Life After the Ghost Ship

Those closest to the people who died in the tragic warehouse fire are still negotiating a way forward.


Photo by Ariel Nava

Seung Lee still starts shaking sometimes when he rides BART through Fruitvale Station. Madeline Kenney does a double take when she sees her friend Edmund’s jacket still hanging on a coatrack in her apartment. Carmen Brito is always looking for a hair clip, a file folder, something missing. “When you lose everything,” she explained, “you are constantly reaching for things that are no longer there.”

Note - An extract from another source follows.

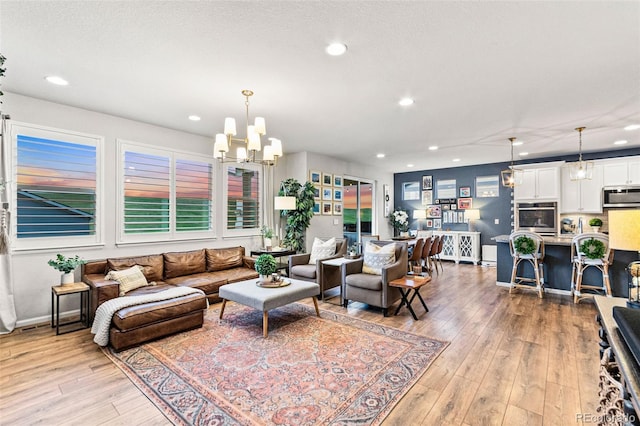 17335 W 94th Ave, Arvada, CO 80007 - living area with recessed lighting, light wood-style floors, baseboards, and a chandelier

It’s been more than three months after fire ripped through a Fruitvale warehouse known as the Ghost Ship, killing 36 young people and thrusting Oakland once again into the national spotlight, once again for tragic reasons. It’s been more than two since the news vans stopped parking outside the building’s husk, near the corner of 31st Avenue and East 13th Street. The makeshift memorials have been packed up, put away, washed away by winter rains; the benefit shows and internet fundraisers and potluck funerals have petered out. Little by little, people are starting to go out to parties again, even if they’re keeping an eye on the exits the whole time. And those closest to the Ghost Ship are still negotiating a fragile, hard-fought way forward.

“It still comes up,” said Lee, who was at the Ghost Ship the night of the fire but mercifully stepped out to a corner store right before it started. “It comes up all the time.” He recently went to a bar trivia night, and “the guy there was like, ‘Don’t block the hallway; we don’t want another Ghost Ship.’” He paused. “There’s no way he would have known I was there. But it happens all the time.”

Kenney, a musician, lost several friends in the fire. “They were all creators, which means you see their [art] everywhere,” she said. “That’s really sad, but it’s also kind of magical. You want to strike that balance, between moving on and continuing to make and love and create, and continuing to honor these people.”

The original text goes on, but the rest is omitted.